While the stone marker is described as "marble" in historical documents, at the time this term was often applied to any kind of rock that could be polished. Dating from 1627, the slab of mineral is actually limestone.

The research team, from Dickinson College in Pennsylvania and the California Geological Survey, looked at the tiny shells of single-celled organisms embedded in the sedimentary rock to help place its source, using the microfossils to determine it originated from Belgium.

Full knight tombstone
A full view of the tombstone. (Jamestown Rediscovery/Key and Rossi, International Journal of Historical Archaeology, 2024)
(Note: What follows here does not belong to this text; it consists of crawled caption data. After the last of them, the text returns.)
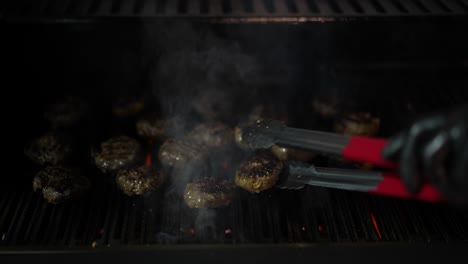 Primer-Plano-De-La-Mano-Del-Chef-Girando-La-Carne-En-Conserva-Asada-Sobre-La-Chimenea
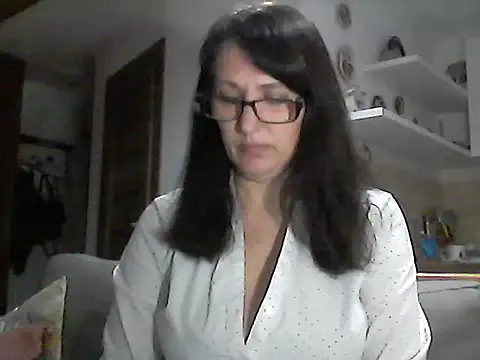 Elena48324 online show from April 8, 2026, 5:13 pm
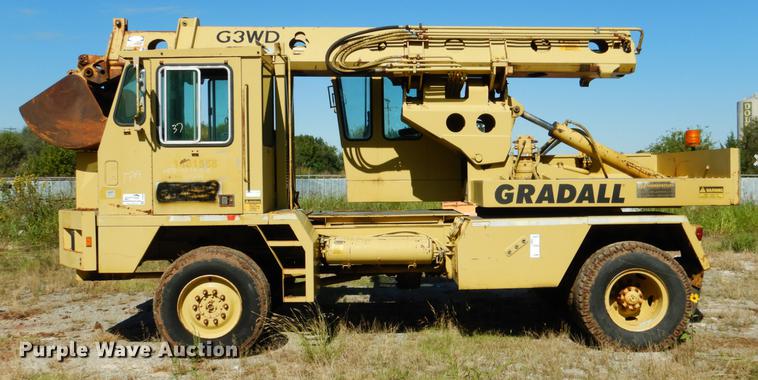 image for item DF2035 1994 Gradall G3WD rubber tire excavator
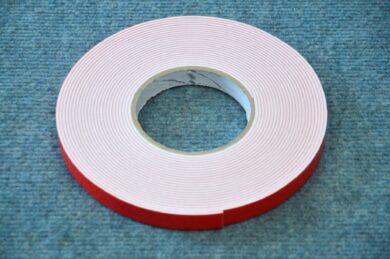 páska lepící oboustranná PVC 15x2,0 ( UNI )  (990717)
"Wealthy colonists in the Tidewater region of the Chesapeake Bay at this time preferentially selected black 'marble' for their gravestones that was actually polished, fine-grained, black limestone," the researchers write in their published paper.

"The iconic knight's tombstone at Jamestown is one such stone. The goal of this project was to determine the source of this stone to help understand trade routes at this time."
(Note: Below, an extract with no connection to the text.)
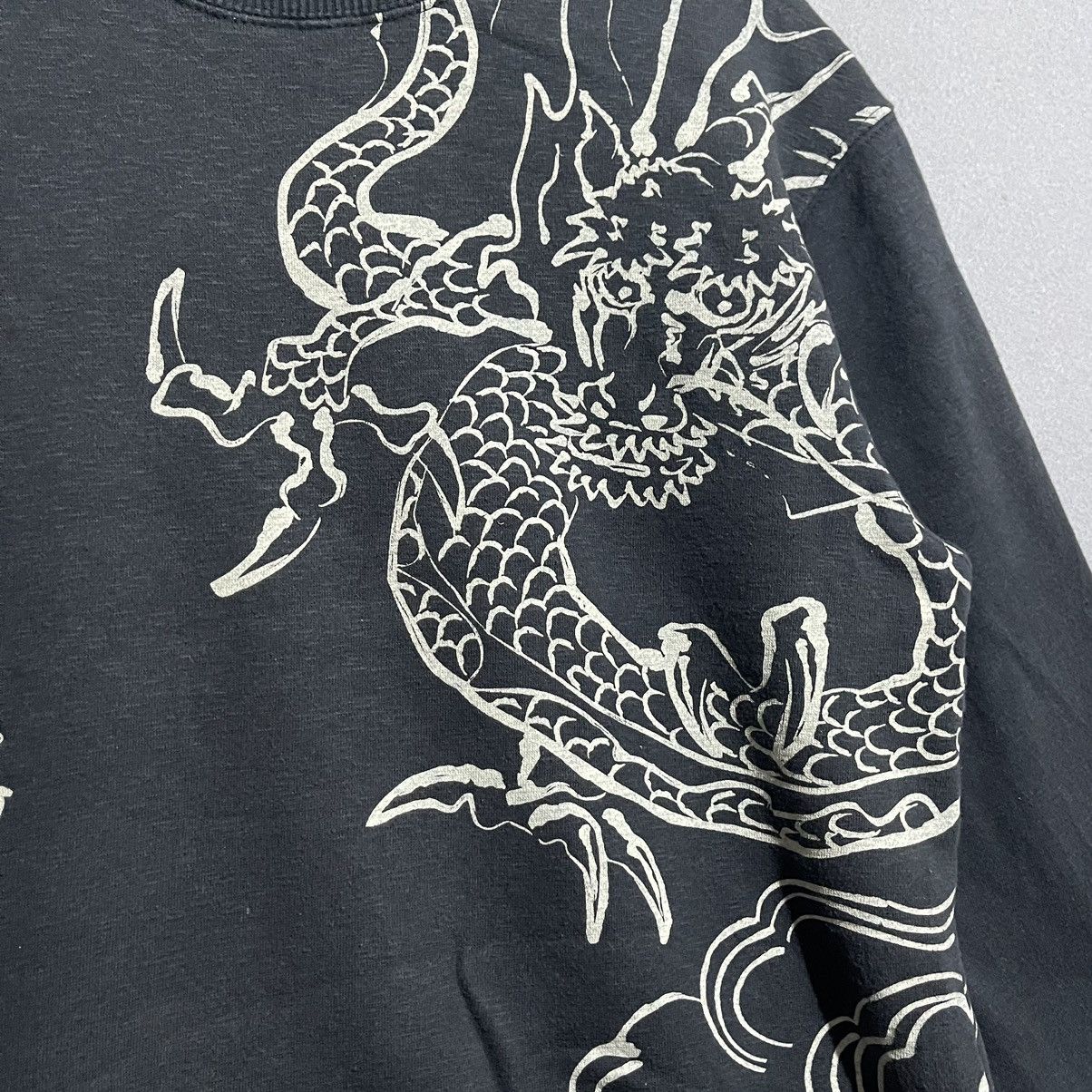 Japanese Brand Vintage 2000s Hither Grass Dragon Print Crewneck Sweatshirt Size US L / EU 52-54 / 3 - 4 Thumbnail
It's unlikely Jamestown's English settlers would have had either the tools or skills to make tombstones of this nature, suggesting the highly-polished ornament would have been imported.
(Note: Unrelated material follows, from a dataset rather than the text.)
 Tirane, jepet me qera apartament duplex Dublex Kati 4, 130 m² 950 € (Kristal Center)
An analysis of tombstone fragments revealed fossilized remnants of a diverse group of shelled protist called foraminiferans, including the species Omphalotis minima, Paraarchaediscus angulatus, and Paraarchaediscus concavus, and one more each from the Endothyra, Omphalotis, and Globoendothyra genuses that weren't identified to the species level.

The combination of co-occurring microfossils excluded North America as an origin of the limestone slab, pointing instead to a place over the Atlantic, most like somewhere like Ireland of Belgium.

With similar colonial tombstones around the Chesapeake Bay having previously been sourced from Belgium, and the fact the European country had been been well established as a hub for exporting black 'marble' ever since Roman Times, the researchers were confident an artisan in this region had crafted the grave marker.

As far back as the Middle Ages, the members of the wealthy upper class in England had been commemorating their dead using these pricey tombstones, something the Jamestown settlers would have known about.

Microfossils
Four of the microfossils discovered on tombstone fragments. (Key and Rossi, International Journal of Historical Archaeology, 2024)

"Little did we realize that colonists were ordering black marble tombstones from Belgium like we order items from Amazon, just a lot slower," first author and geoscientist Markus Key from Dickinson College told Sandee Oster at Phys.org.

Because of its age and prominent position in the local church, experts have long thought the grave belonged to the knight Sir George Yeardley, who arrived in Jamestown in 1610. He quite possibly ordered the tombstone as a mark of his status and wealth.

Though the study wasn't focused on the tombstone's owner, the fact the stone was shipped from Belgium further confirms the hypothesis the grave belonged to Yeardley, who would've been looking to follow the fashions of his homeland.

"It is hoped that the results of this study help refine the geography and timing of the seventeenth-century North Atlantic trade routes between Continental Europe (especially Belgium), England, and colonial Virginia," write the researchers.

The research has been published in the International Journal of Historical Archaeology.